Retrocausality is the idea that the chain of cause-and-effect can sometimes be reversed in time. From relativity to quantum physics to parapsychology, retrocausal phenomena have long been theorised but have never yet stood the test of, er, time. But now, that is beginning to change. The weird and baffling consequences of quantum mechanics are such an awkward fact of life that in desperation to explain them, some physicists have been revisiting the idea of retrocausality. It helps to explain a lot of quantum puzzles which are hard to explain any other way. On the other hand, it can also open the way to major paradoxes of its own.

Thermodynamics and retrocausality

Thermodynamics, which describes the flow of heat and energy, was the first of the three modern pillars of physics to be established. As such it is a "classical" or macroscopic theory whose foundational ideas are drawn from the old world view of Galileo and Newton. One of its unspoken assumptions is that causality, the flow of cause-and-effect, by definition moves forwards in time: it is by observing which event happens at the earlier time that we define the cause and the later event is defined as the effect. This mindset is enshrined in the Second Law of Thermodynamics where disorder, or entropy, always increases as time passes.

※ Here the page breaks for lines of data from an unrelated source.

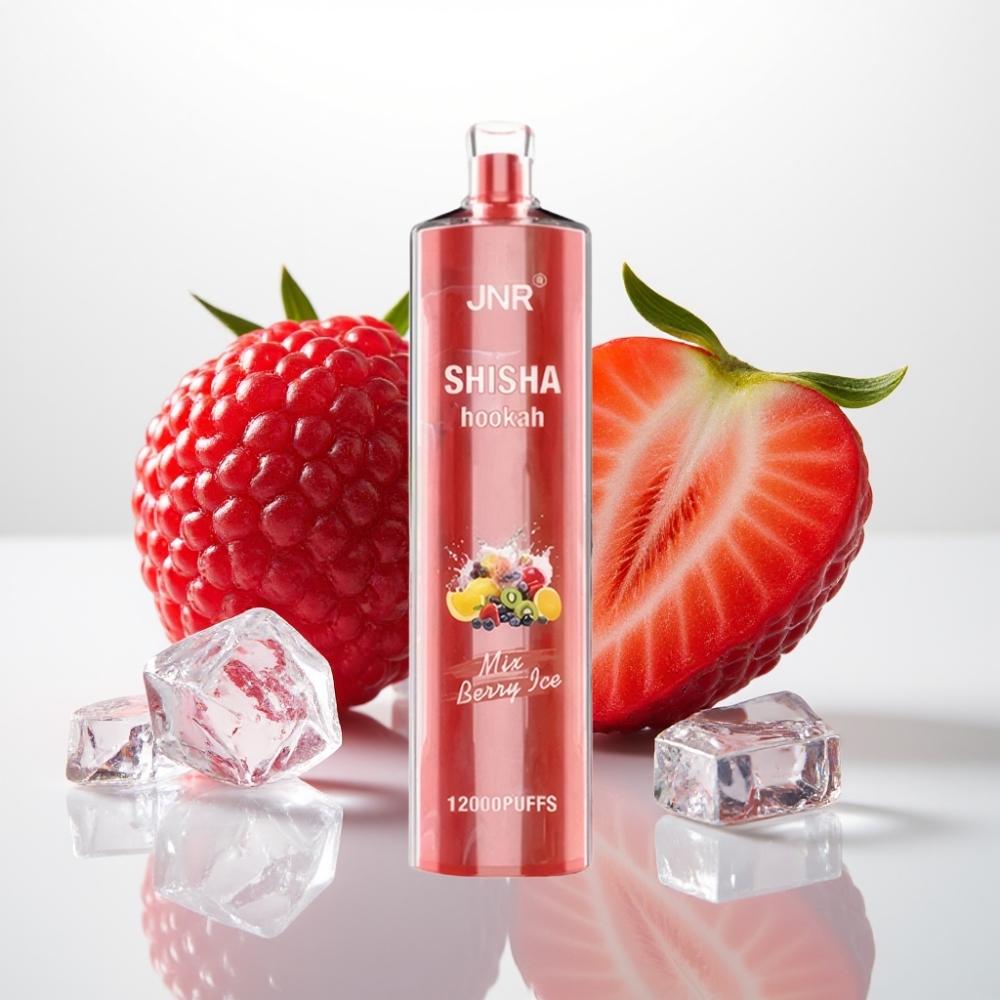 JNR Shisha Hookah 12000 Puffs Berry Ice 24ml 750mAh Tipo-C Vape Desechable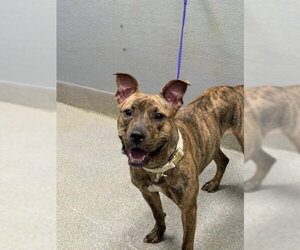 Mutt Dogs for adoption in Las Vegas, NV, USA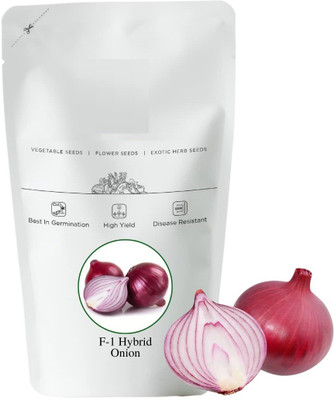 VibeX ® VXI-1238 Onion F-1 Hybrid Kalyani Seed(1000 per packet)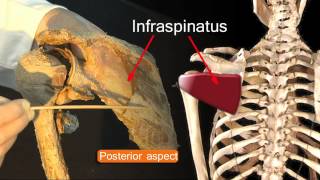 Funky Anatomy PASS YOUR EXAMS The Shoulder Joint [upl. by Adiesirb]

Retrocausality flatly contradicts the unspoken assumption about cause-and-effect in time and as such must, at a classical level, violate the Second Law. But is the assumption actually valid? Is the Second Law a wholly universal one? As the next two pillars, relativity and quantum mechanics emerged, they began bending and sometimes even breaking the old classical ideas. A new science of quantum thermodynamics is only now beginning to emerge and, as one might expect, is showing signs of surprises in store.[1]

Relativistic retrocausality

The first modern scientific discussion of retrocausality came in the wake of Einstein's theory of relativity. Although the relativistic nature of time could lead different observers to see events happening in a different order, such events could not be causally connected. However it was soon realised that an object travelling faster than light would appear to be moving backwards in time, and Einstein's equations did not explicitly forbid this. Hence the classic limerick from 1923;

There was a young lady named Bright
Whose speed was far faster than light;
She went out one day
In a relative way
And returned on the previous night.

Since relativity sets the speed of light as an absolute limit, at first such speculation seemed a bit nonsensical. Later it was realised that relativity also allowed faster-than-light objects whose lowest speed limit was that of light. Such "tachyon" particles behave just like the good Miss Bright of the limerick. But there is not the slightest evidence that such particles actually exist.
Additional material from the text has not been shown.